What's Happening?
Health systems across the United States are increasingly adopting generative artificial intelligence (AI) solutions to enhance revenue cycle management (RCM). According to a survey by the Healthcare Financial
Management Association (HFMA) and AKASA, 80% of health systems are exploring, piloting, or implementing AI tools for RCM in 2025, marking a 38% increase from 2023. The survey, which included responses from 519 chief financial officers and revenue cycle leaders, highlights the growing interest in AI to improve coding accuracy and revenue capture. However, the adoption is hindered by operational barriers such as cost, budget constraints, and integration challenges. Smaller health systems, in particular, face difficulties due to limited IT capacity and competing priorities. Despite these challenges, AI is seen as a crucial tool for improving documentation accuracy, which directly impacts revenue integrity and compliance.
Why It's Important?
The adoption of AI in revenue cycle management is significant as it addresses critical financial challenges faced by health systems.

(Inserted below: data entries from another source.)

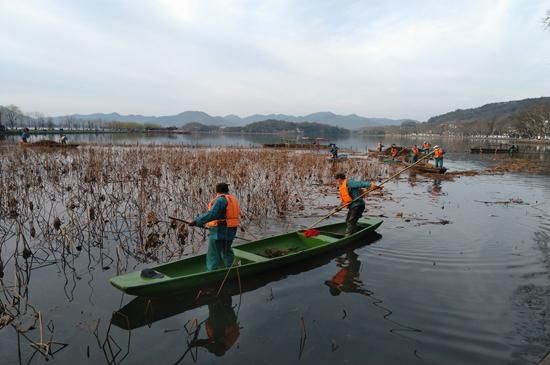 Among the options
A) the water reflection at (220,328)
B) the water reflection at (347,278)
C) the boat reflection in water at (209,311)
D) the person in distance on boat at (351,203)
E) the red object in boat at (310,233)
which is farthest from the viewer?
the person in distance on boat at (351,203)

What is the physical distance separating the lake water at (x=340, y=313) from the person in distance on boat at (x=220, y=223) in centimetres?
83

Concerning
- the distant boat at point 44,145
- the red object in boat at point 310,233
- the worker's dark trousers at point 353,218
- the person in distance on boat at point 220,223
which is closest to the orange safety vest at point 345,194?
the worker's dark trousers at point 353,218

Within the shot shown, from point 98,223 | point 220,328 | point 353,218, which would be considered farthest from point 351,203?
point 98,223

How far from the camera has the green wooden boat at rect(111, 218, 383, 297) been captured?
19.7 feet

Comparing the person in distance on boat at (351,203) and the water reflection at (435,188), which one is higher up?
the person in distance on boat at (351,203)

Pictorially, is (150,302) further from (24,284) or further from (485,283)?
(485,283)

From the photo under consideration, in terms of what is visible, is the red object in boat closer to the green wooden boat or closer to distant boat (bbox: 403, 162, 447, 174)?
the green wooden boat

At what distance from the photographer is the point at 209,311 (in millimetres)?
6305

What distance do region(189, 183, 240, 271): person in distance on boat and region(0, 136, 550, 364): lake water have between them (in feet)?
2.71

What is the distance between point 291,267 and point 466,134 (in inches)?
7959

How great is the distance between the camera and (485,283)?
759cm

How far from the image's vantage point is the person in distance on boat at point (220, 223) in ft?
21.6

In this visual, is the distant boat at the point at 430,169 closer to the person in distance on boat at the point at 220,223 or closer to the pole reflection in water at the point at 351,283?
the pole reflection in water at the point at 351,283

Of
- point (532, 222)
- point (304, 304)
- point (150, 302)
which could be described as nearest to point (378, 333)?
point (304, 304)
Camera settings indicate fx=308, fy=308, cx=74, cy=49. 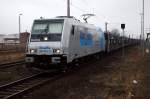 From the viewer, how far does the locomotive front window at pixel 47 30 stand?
16.4 metres

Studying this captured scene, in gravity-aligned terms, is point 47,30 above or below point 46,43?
above

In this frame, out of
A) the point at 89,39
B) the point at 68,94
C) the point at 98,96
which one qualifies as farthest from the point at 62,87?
the point at 89,39

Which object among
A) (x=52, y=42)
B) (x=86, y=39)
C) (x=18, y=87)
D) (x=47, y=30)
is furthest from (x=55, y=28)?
(x=86, y=39)

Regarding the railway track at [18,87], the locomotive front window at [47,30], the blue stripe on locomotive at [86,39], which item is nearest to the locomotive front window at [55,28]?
the locomotive front window at [47,30]

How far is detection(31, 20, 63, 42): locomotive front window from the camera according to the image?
16.4 meters

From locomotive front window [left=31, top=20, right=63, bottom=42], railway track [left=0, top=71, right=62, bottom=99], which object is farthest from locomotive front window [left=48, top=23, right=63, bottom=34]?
railway track [left=0, top=71, right=62, bottom=99]

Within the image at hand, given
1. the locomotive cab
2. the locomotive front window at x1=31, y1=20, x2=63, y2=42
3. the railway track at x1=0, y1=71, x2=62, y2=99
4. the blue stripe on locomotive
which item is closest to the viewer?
the railway track at x1=0, y1=71, x2=62, y2=99

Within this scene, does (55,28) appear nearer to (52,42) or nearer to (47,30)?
(47,30)

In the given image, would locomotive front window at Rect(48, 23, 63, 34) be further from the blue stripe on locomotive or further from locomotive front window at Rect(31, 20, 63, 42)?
the blue stripe on locomotive

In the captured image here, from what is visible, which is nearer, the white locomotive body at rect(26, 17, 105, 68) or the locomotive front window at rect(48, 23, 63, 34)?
the white locomotive body at rect(26, 17, 105, 68)

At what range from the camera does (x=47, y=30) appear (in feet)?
54.7

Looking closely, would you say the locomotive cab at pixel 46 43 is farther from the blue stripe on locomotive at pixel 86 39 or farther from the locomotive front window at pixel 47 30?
the blue stripe on locomotive at pixel 86 39

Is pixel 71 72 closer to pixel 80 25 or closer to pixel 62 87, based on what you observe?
pixel 80 25

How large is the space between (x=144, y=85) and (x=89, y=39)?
415 inches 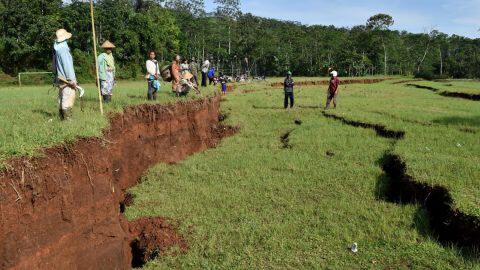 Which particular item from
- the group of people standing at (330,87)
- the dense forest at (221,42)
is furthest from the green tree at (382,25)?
the group of people standing at (330,87)

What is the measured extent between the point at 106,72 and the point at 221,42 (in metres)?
48.1

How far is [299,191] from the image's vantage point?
29.3ft

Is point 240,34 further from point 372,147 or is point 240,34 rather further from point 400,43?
point 372,147

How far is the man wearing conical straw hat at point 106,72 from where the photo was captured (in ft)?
36.9

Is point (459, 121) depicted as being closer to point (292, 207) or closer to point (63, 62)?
point (292, 207)

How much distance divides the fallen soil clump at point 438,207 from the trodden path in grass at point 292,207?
0.20 meters

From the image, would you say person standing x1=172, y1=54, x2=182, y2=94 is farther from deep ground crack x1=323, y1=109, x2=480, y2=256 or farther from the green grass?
deep ground crack x1=323, y1=109, x2=480, y2=256

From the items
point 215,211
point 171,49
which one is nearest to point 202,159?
point 215,211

Accurate documentation and coding are essential for maximizing revenue and ensuring compliance with healthcare regulations. The survey indicates that inaccurate coding can put approximately 8.49% of total revenue at risk, which is substantial for health systems operating on tight margins. By improving documentation accuracy, AI can help health systems capture missed reimbursement opportunities and enhance financial outcomes. This technological shift is crucial for health systems to reinvest in infrastructure, innovation, and patient care. However, the initial investment and integration challenges remain significant hurdles, particularly for smaller health systems.
What's Next?
As health systems continue to adopt AI for revenue cycle management, the focus will likely shift towards overcoming integration and cost barriers. Health tech vendors are encouraged to develop solutions that minimize the operational burden on health systems, particularly smaller ones. The industry may see increased collaboration between health systems and tech companies to streamline AI adoption. Additionally, as AI tools become more integrated into healthcare operations, there may be a push for standardized practices and regulations to ensure data security and privacy. The ongoing evolution of AI in healthcare will require continuous investment in education and support for healthcare professionals to effectively utilize these technologies.